Paris, 1 mar (EFE).- O candidato conservador às eleições presidenciais da França, François Fillon, anunciou nesta quarta-feira que foi chamado para comparecer perante um juiz no próximo dia 15 "para ser acusado" pelo caso dos supostos empregos fictícios e anunciou que não irá se retirar da corrida eleitoral.

"Meu advogado foi informado de que serei convocado em 15 de março pelos juízes de instrução para ser acusado", afirmou Fillon, em declarações no comitê eleitoral, em Paris.

Para ele, "é improvável que em um caso desta importância aconteça apenas uns dias depois da designação dos juízes, sem que tenham tido conhecimento do dossiê".

"Não reconheço os fatos. Não malversei fundos públicos", reiterou Fillon, que alegou que contratou sua mulher, Penelope, e dois de seus filhos como assessores "porque sabia que podia confiar neles".

O candidato explicou que se apresentará perante a Justiça (apesar de poder se negar, por ser deputado) para provar sua inocência, mas denunciou que não foi tratado como os outros e que não teve sua presunção de inocência respeitada.

Fillon qualificou sua situação de "inédito assassinato político" e disse que com sua convocação "também é assassinato às eleições presidenciais". Apesar de tudo, se apresentará porque "respeita as instituições" e para dizer sua "verdade".

"Além do processo judicial, agora só apelo ao povo francês. Só o sufrágio universal, e não um processo acusatório, pode decidir quem é o próximo presidente da República. Não cederei, não me retirarei. Irei até o final", afirmou em discurso acompanhado por vários jornais.

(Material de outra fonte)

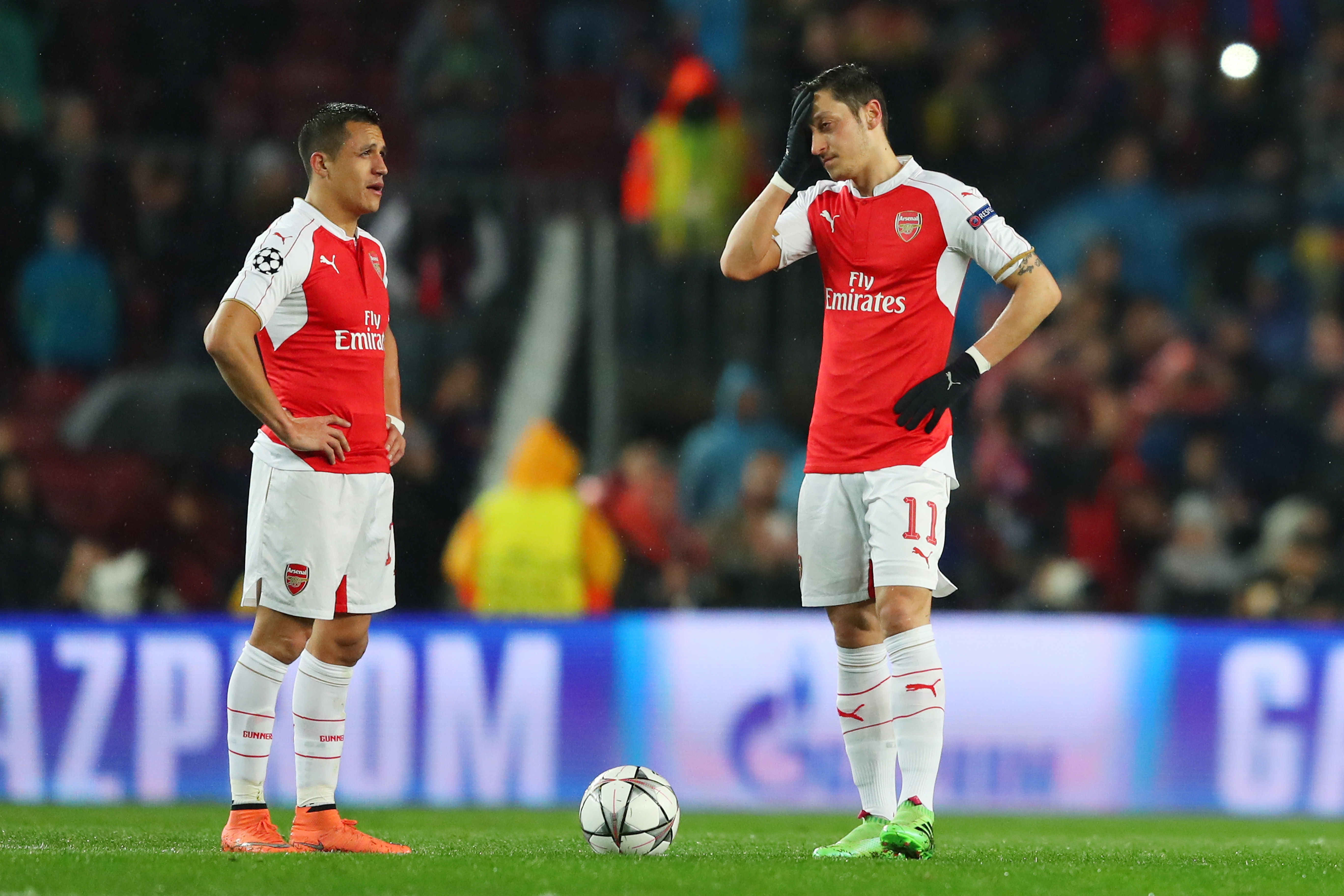 BARCELONA, SPAIN - MARCH 16: Alexis Sanchez (L) and Mesut Ozil (R) of Arsenal show their dejection after Barcelona's first goal during the UEFA Champions League round of 16, second Leg match between FC Barcelona and Arsenal FC at Camp Nou on March 16, 2016 in Barcelona, Spain.  (Photo by Richard Heathcote/Getty Images)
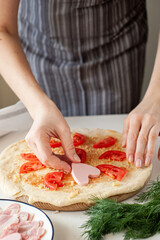 The process of making homemade pizza for Valentine's Day. Women's hands lay the ingredients cut in the form of hearts on the base of the dough.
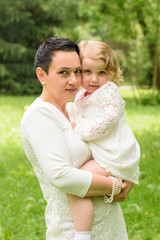 Beautiful child with mom in the summer. Green nature background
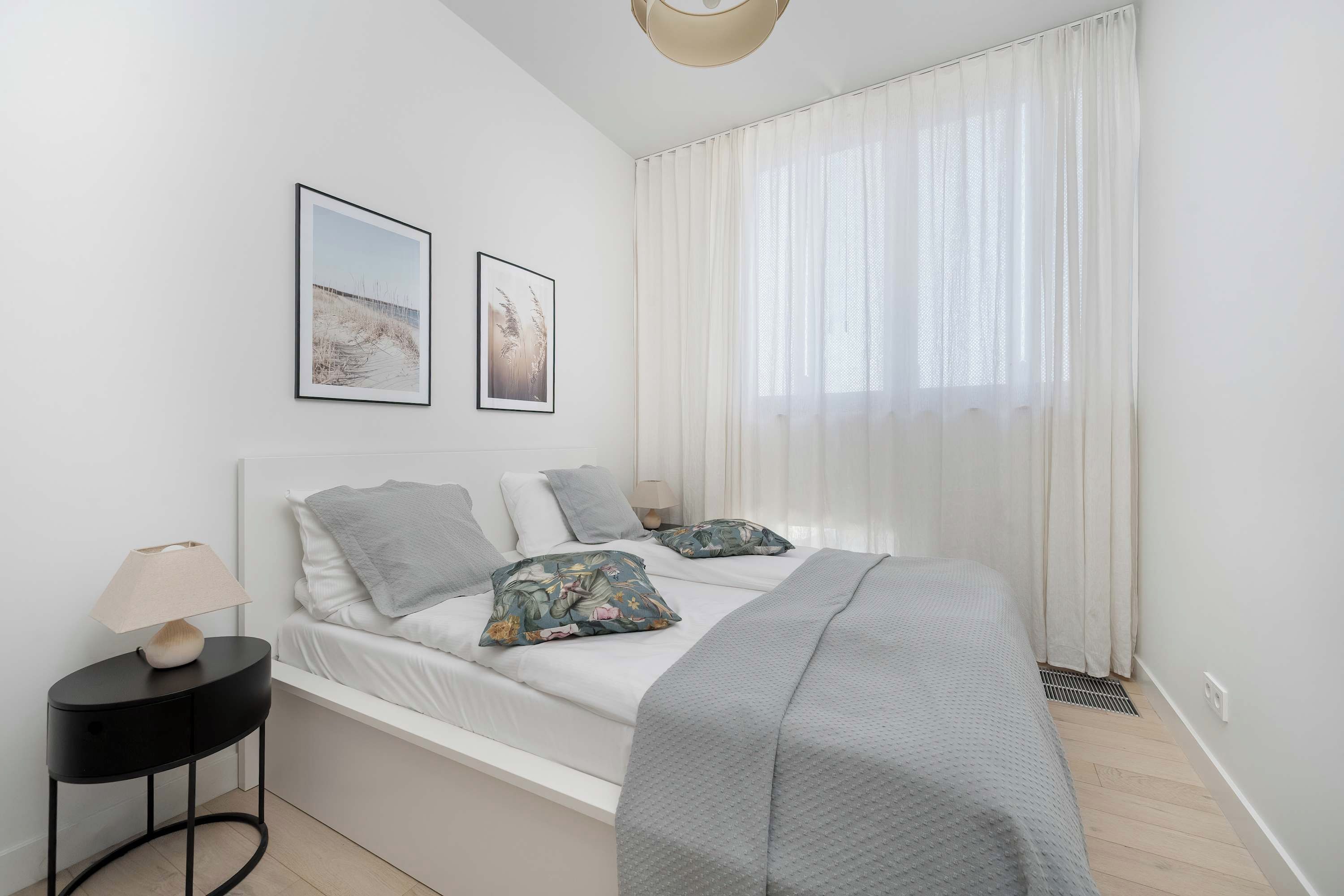 Ein Schlafzimmer mit einem Bett, einem Nachttisch, einer Lampe und zwei gerahmten Bildern an der Wand.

Fillon pediu que seus seguidores "resistam", apesar de antes de o caso explodir ele mesmo tenha assegurado que se retiraria se alguma vez fosse acusado.

"Sim, serei candidato à presidência da República e vamos tirar a prova de tudo que é justo e injusto", proclamou perante vários importantes membros de seu partido, Os Republicanos, e dezenas de jornalistas.

Na sexta-feira passada, a Promotoria Nacional Financeira anunciou que tinha aberto uma investigação judicial para averiguar as possíveis irregularidades na contratação de Penelope Fillon. A investigação se refere a acusações de desvio de fundos públicos, tráfico de influência e ocultação de atividades.

A Promotoria abriu uma investigação preliminar depois que a revista "Le Canard Enchainé" revelou que Fillon contratou sua mulher como assistente parlamentar entre 1998 e 2002, mas que ela não tinha deixado rastro de seu trabalho.